All of which is to say that even though Breaking In looked every bit like a classic potboiler thriller, with Union taking the lead role of a mother whose children are aggressed by a quartet of home invaders, we all got our hopes way up that it could be a rollicking fun time, where we could all watch a strong woman go from victim to action hero, cheer as the bad guys got theirs, and roll home happy and full of popcorn.

Breaking In sets up like it’s going to do just that. Union plays Shaun, a married mother of two — a teenage girl played by 13 Reasons Why‘s Ajiona Alexus and a pre-teen boy played by Seth Carr — who heads out to her late father’s estate to settle things and prepare it for sale. We learn that her relationship with her father was strained-to-nonexistent and that he had a criminal past. Which probably has something to do with the opening scene of the film, where an older black man is run down in the street while jogging and killed by the driver. So probably bad things are about to happen. Another clue is when Shaun and the kids discover the house — located in a remote, wooded area, natch — is heavily fortified. As if expecting to be attacked.

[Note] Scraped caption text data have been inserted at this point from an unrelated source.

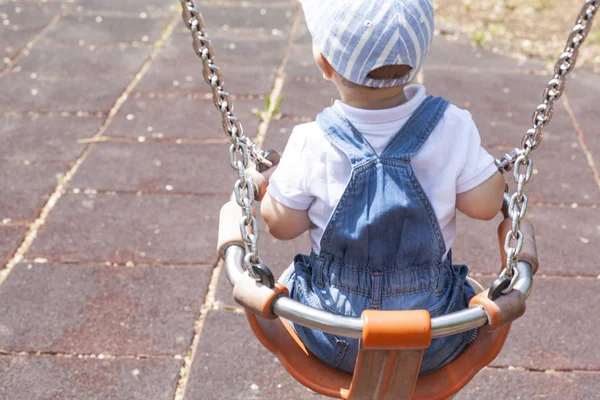 2 anno-vecchio ragazzo giocare su adattato swing — Foto Stock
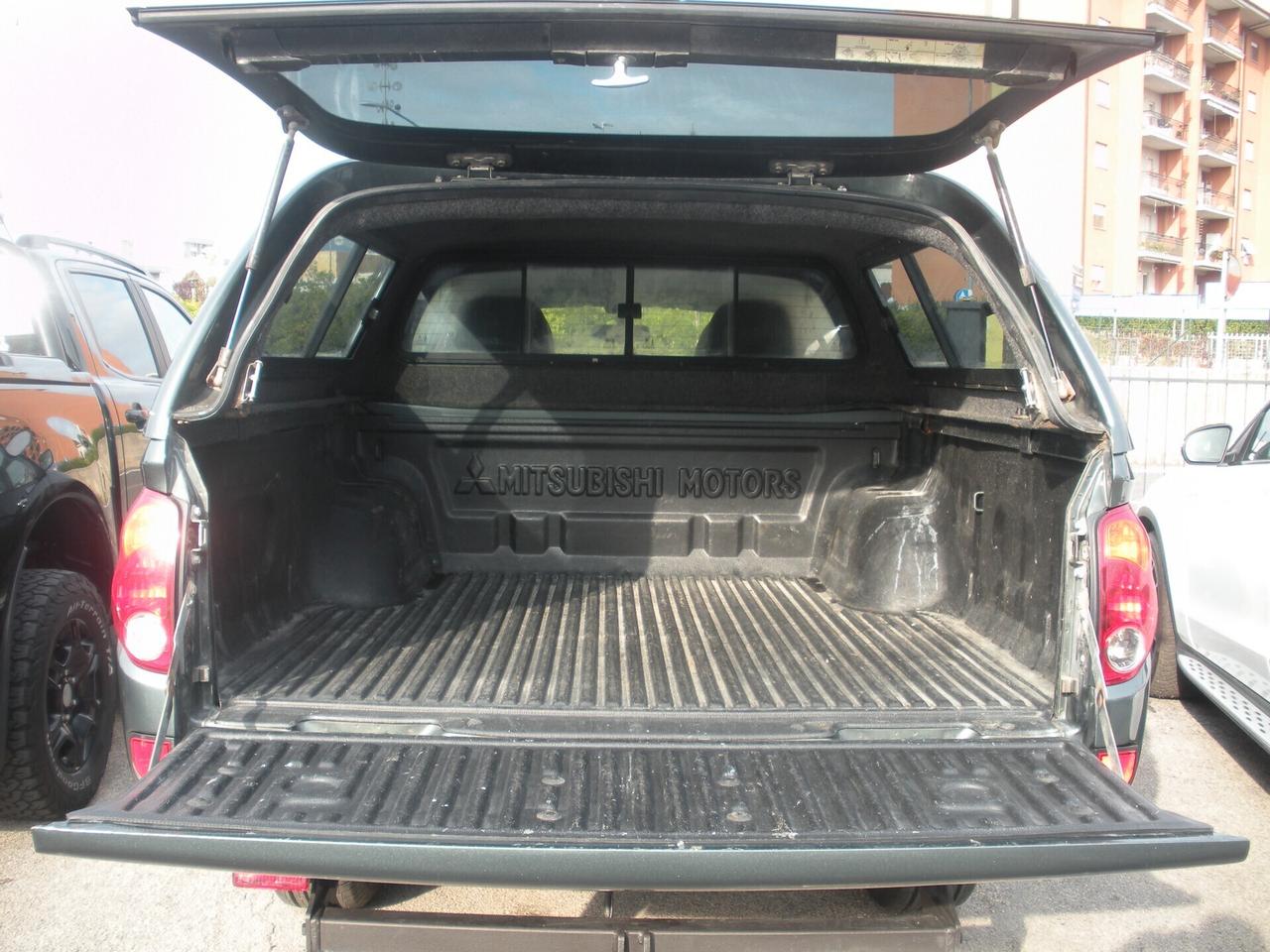 Mitsubishi L200 2.5 DI-D/136CV DC Invite DPF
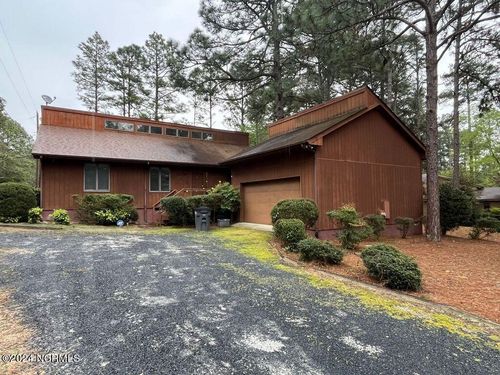 220 Drumar Ct, Southern Pines, NC, 28387-2555 | Card Image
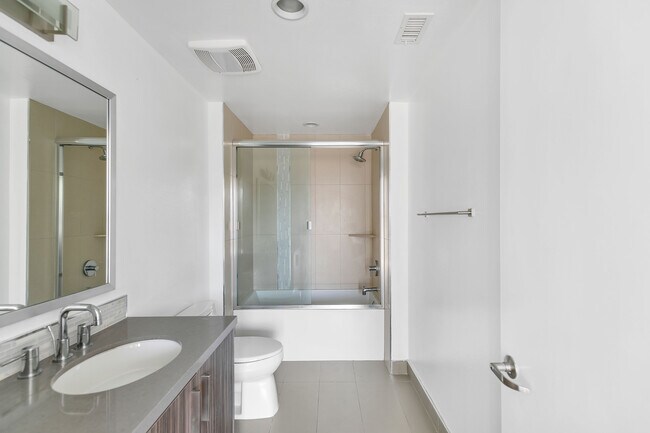 Building Photo - Azure The Residences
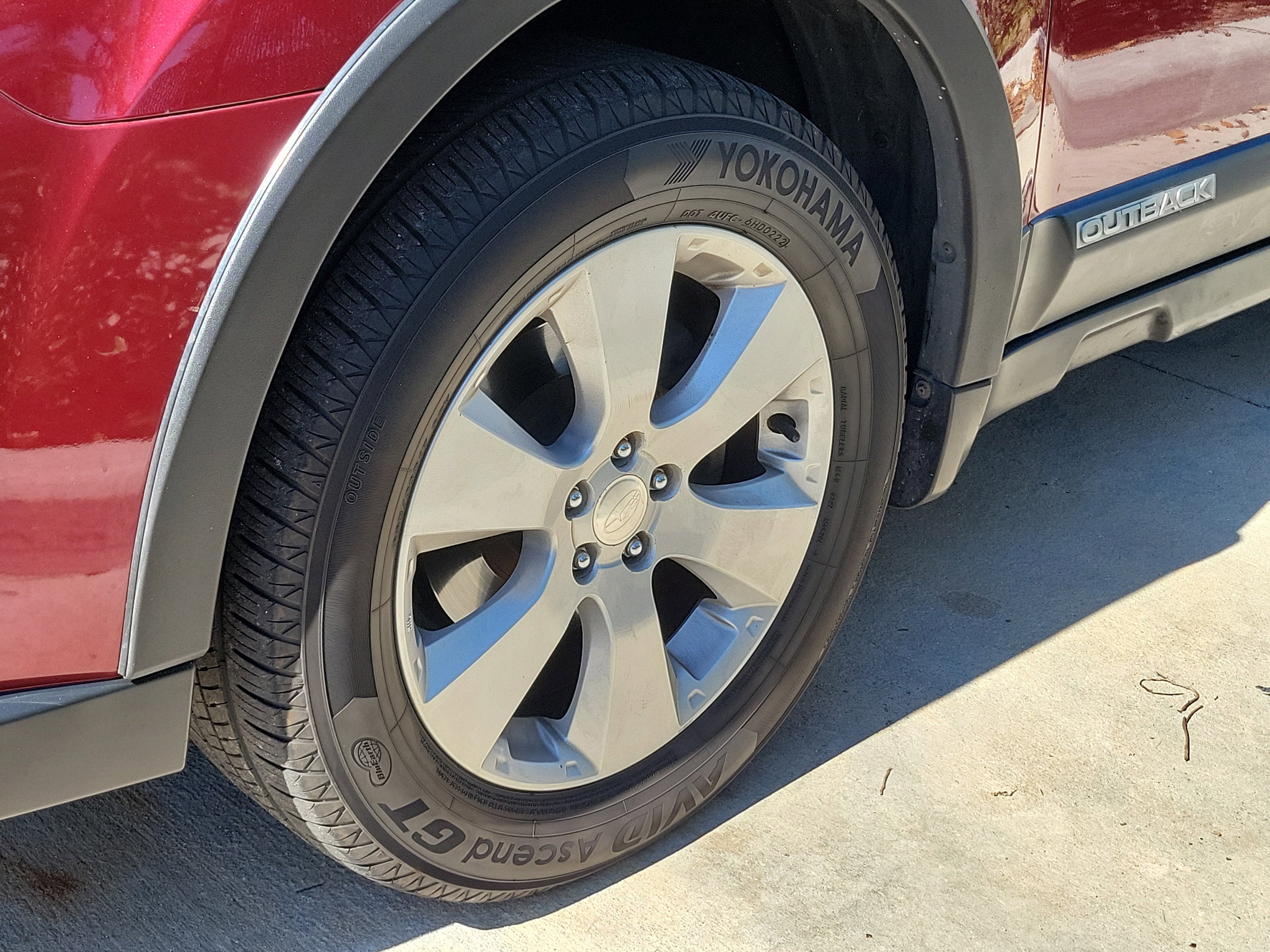 2011 Subaru Outback 2.5i Limited Pwr Moon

There’s more than a whiff of Panic Room to the setup here, with the parent-child bond set up against a gaggle of in-fighting home invaders. They want money, Mom wants to keep the kids safe. It’s enough to make you weep that Union wasn’t able to have starred in Panic Room herself, with all of David Fincher’s stylish direction. Breaking In is a far cry from that. When the burglars do strike, lead by Twilight dad Billy Burke and including American Crime star Richard Cabral as the especially brutal one (the Dwight Yoakam! Okay, I’ll shut up about Panic Room now), they strike with blunt force and brutality, locking the kids indoors and leaving Union helpless outdoors. Of course, she’s not helpless. She captures one of the burglars and begins a series of tense stand-offs with Burke, negotiating for her children’s safety with a man she knows will likely try to kill them all.

After I got done pining for Panic Room, I got to thinking about another movie I wished Breaking In was: Jennifer Lopez’s Enough, where Lopez played a battered wife who runs away with her child and then devises an elaborate plan to train in the deadly arts and then lure her husband into a confrontation where she can kill him. In both cases, the real-life danger that women experience at the hands of men (in their own homes, no less) is placed into heightened circumstances. What Enough and Panic Room do that Breaking In does not is offer the viewer a rollercoaster ride on top of the brutal reality of violence. Panic Room does so with visual style and atmosphere; Enough does so by becoming, essentially, Home Alone for battered women. Breaking In does neither, and thus we’re only left with the brutality. The kids don’t really do much but cower together. Union alternates from slicing up bad guys to running for her life. There’s little in the way of cleverness to James McTeigue’s direction, which is a bit surprising coming from the guy who gave us V for Vendetta (though that film felt the heavy influence on the Wachowskis, under whom McTeigue had worked as a second-unit director on the Matrix films.

There’s no spoiling a movie like Breaking In but there’s also no point in digging into the plot. The kids are in danger. Then more danger. Then her husband shows up to get Dick-Halloran’d by the criminals. Union gets to take a few cool postures and some dialogue that reminds you that A Mother’s Love Is Fierce and Primal. But for the most part, Breaking In is a star vehicle that, for Union’s sake if nothing else, you wish could zoom by a little faster.